Pa. vets receive long-overdue medals
HAZLETON, Pa. — Joseph C. "Sarge" Heintz expected to receive three medals for his decades of Army service.
U.S. Rep. Lou Barletta presented him with 16.
"I feel great," Heintz, of Hazleton, said Friday. "I feel like they're remembering me."
Barletta, R-11, also presented long-overdue or replacement military medals to David Sturdevant, of Tunkhannock, and George A. Zeeb, West Hazleton, who accepted them on behalf of his father, the late George W. Zeeb.
The younger Zeeb said the medals - eight in all for his father's Army service during World War II - meant "a lot" to him. His only regret, he said, was that his father would never see them. The elder Zeeb died last year.
Sturdevant, who served in the Air Force from 1965 to 1969, received the Air Force Good Conduct Medal and National Defense Service Medal.
"I'm very humbled to be here today, and I very much appreciate" the medals, he said.
Barletta made the presentation from outside his office at the CAN DO Renaissance Center in Hazleton.
Heintz, who served in the Army, National Guard and Reserves from 1947 to 1990, knew he would be getting the Silver Star, Bronze Star Medal and Purple Heart with one bronze oak leaf cluster.

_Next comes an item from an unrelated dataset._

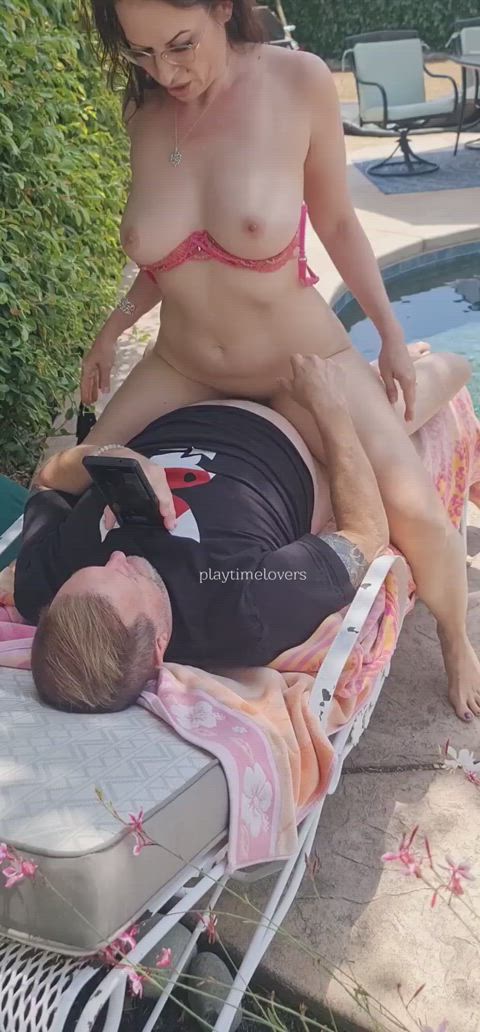 I make sure I get every last drop of cum out of his cock when I use my pussy to milk it like this : video clip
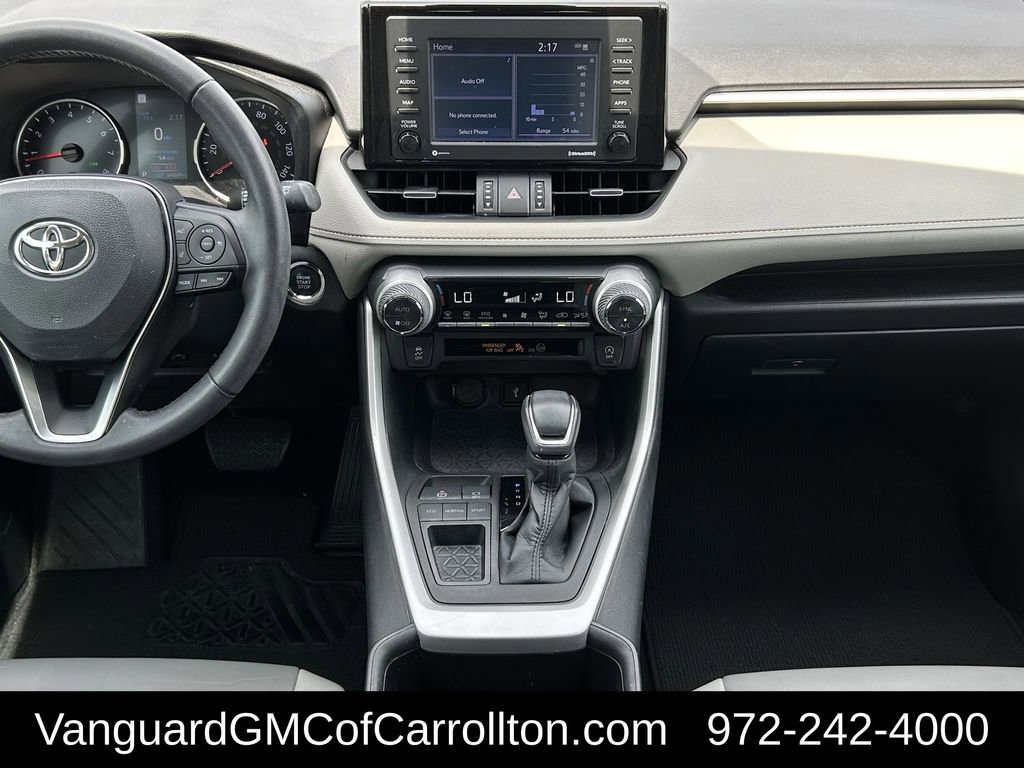 Used 2022 Toyota RAV4 XLE Premium image 13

The additional medals were a result of military research done by Barletta's assistants, and include the Good Conduct Medal; Presidential Unit Citation; Army of Occupation Medal with Germany clasp; National Defense Service Medal; Korean Service Medal with one silver service star; Armed Forces Reserve Medal with numeral 3; Army Reserve Components Achievement Medal with two bronze oak leaf clusters; NCO Professional Development Ribbon; Army Service Ribbon; United Nations Service Medal; Honorable Service lapel button for World War II; Diver Badge, first class and Parachutists' badge.
He plans to display some of the medals in his home, and affix some to the Army uniform he wears on military holidays.
Heintz reflected on his service with his wife, Hilary, who accompanied him to the presentation.
"I feel that every single person - man - in the United States should serve at least one tour," Heintz said. "I just feel like you learn a lot. You learn how to be a man, not a wise guy or a troublemaker. You learn how to live with people."
George W. Zeeb served from 1944 to 1946 and received the Bronze Star Medal with one bronze oak leaf cluster; Good Conduct Medal; American Campaign Medal; European-African-Middle Eastern Campaign Medal; WWII Victory Medal; Combat Infantry Badge, first award; Honorable Service lapel button for WWII and a marksman badge with rifle bar.